**TASK DESCRIPTION:** After locating the line that contains "Used 2021 Chevrolet", output that line and each one following it, exactly, to the end of the entries. No pictures.

**INPUT DATA:**

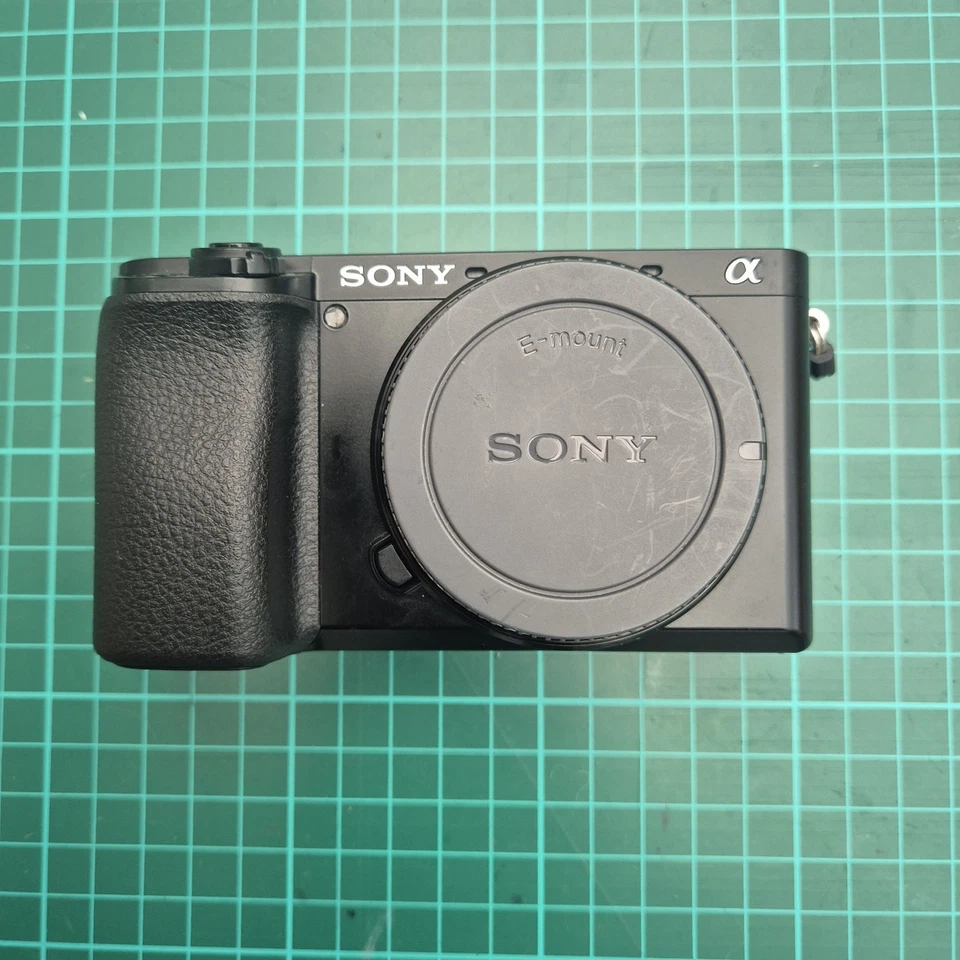 Sony Alpha 6100, photo 1 of 5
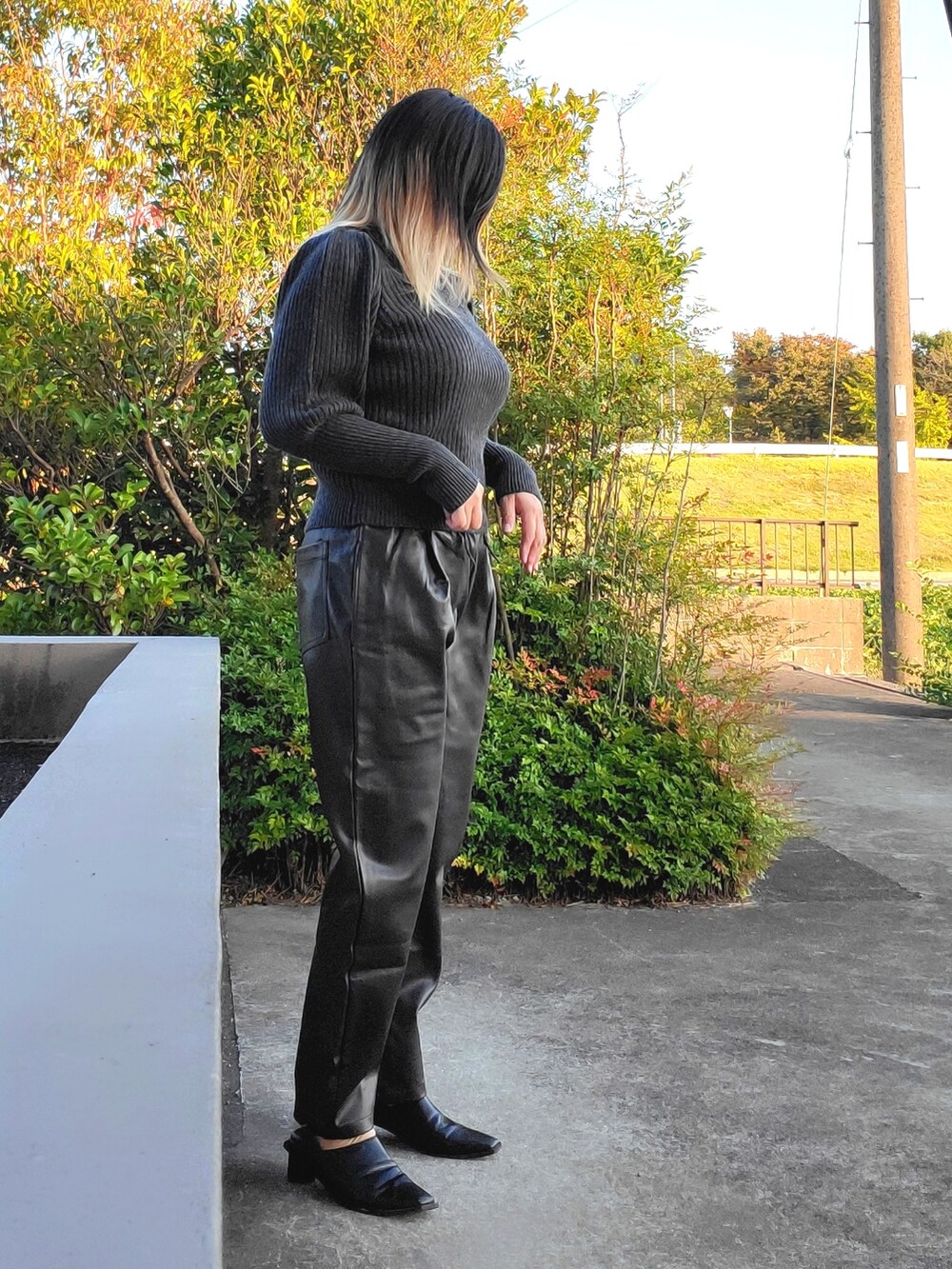 グレー系のその他パンツ、ブラック系のシューズ、ブラック系のニット/セーターを着用したレディースの秋コーディネートの2枚目の写真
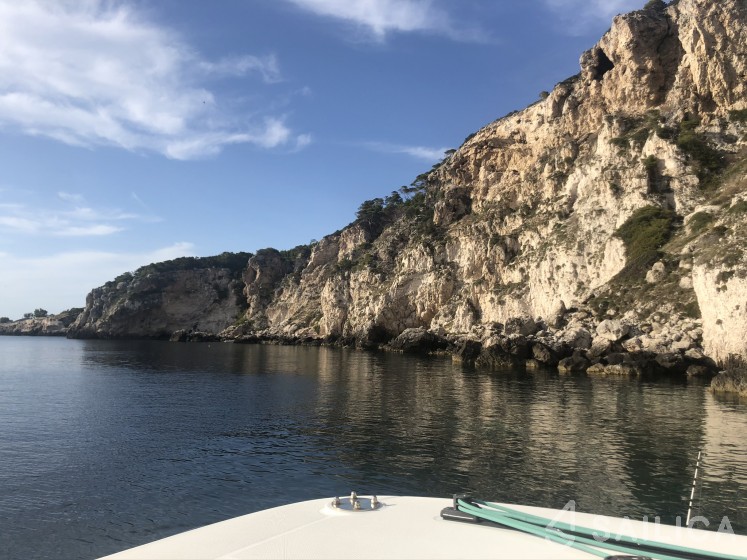Lagoon 450  Flybridge - Yacht Charter Sailica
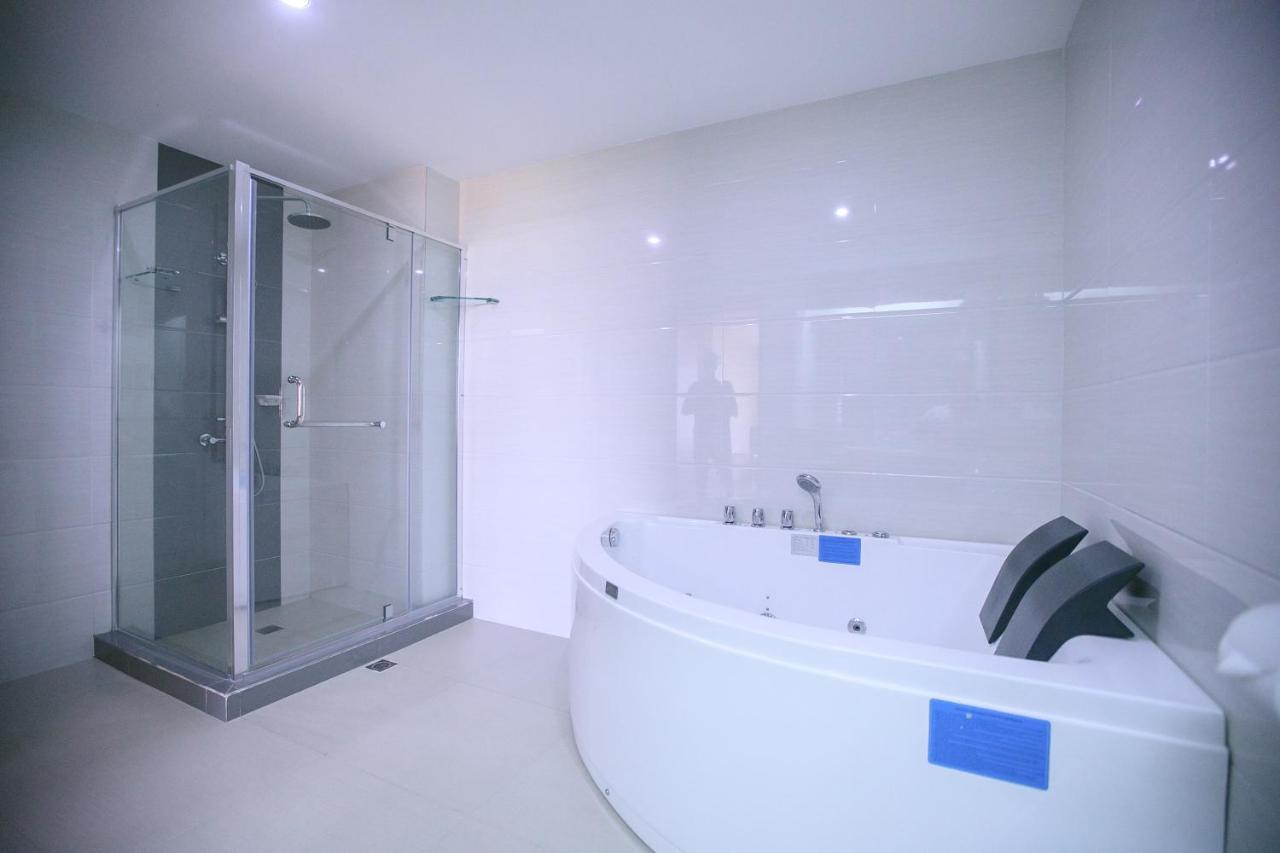 La Maja Rica Hotel Tarlac City Екстериор снимка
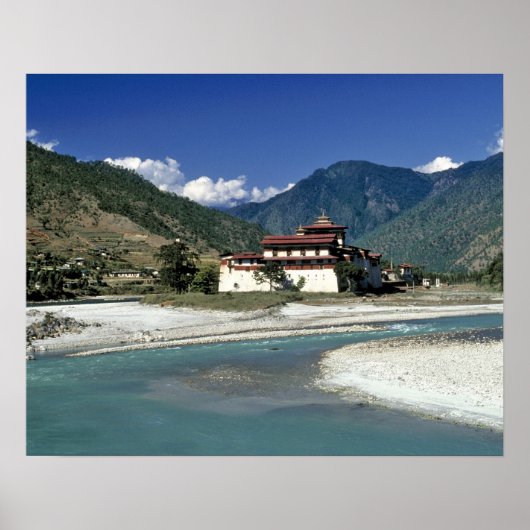 Bhutan, Punaka. De Mo Chhu rivier stroomt langs Poster (Voorkant)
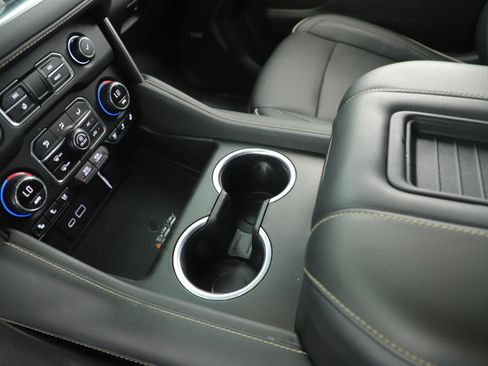 Used 2021 Chevrolet Tahoe Premier w/ Texas Edition image 17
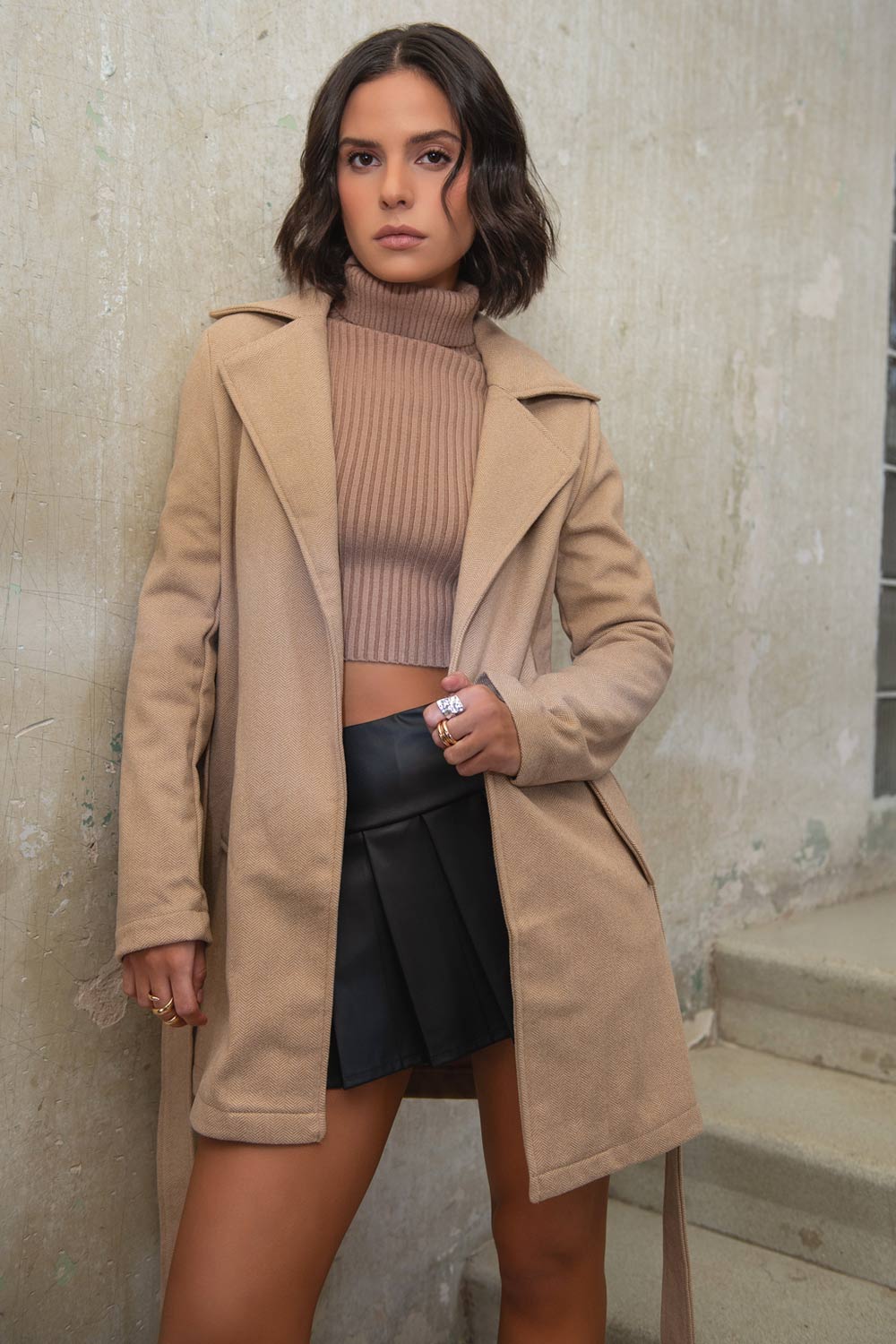 Abrigo corto abierto con solapa cinturón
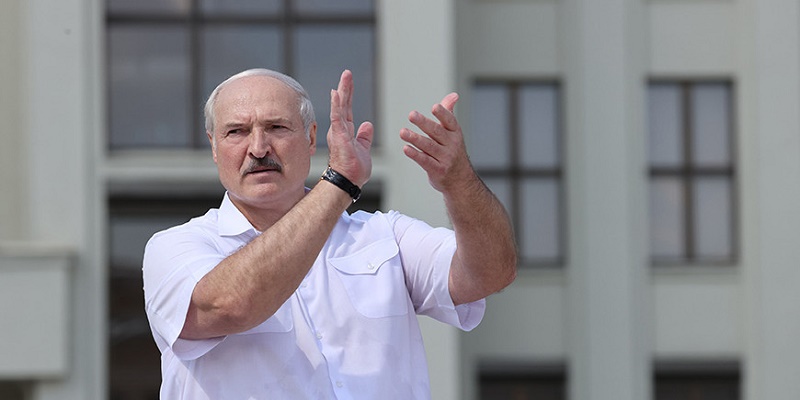 Лукашенко на митинге: будете стоять на коленях, как в Украине
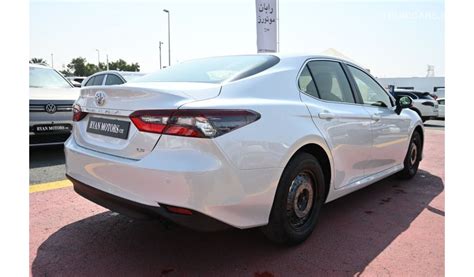 New Toyota Camry Le 25l Petrol Sedan Fwd 4 Doors Color White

**REPLY:**
 Used 2021 Chevrolet Tahoe Premier w/ Texas Edition image 17
 Abrigo corto abierto con solapa cinturón
 Лукашенко на митинге: будете стоять на коленях, как в Украине
 New Toyota Camry Le 25l Petrol Sedan Fwd 4 Doors Color White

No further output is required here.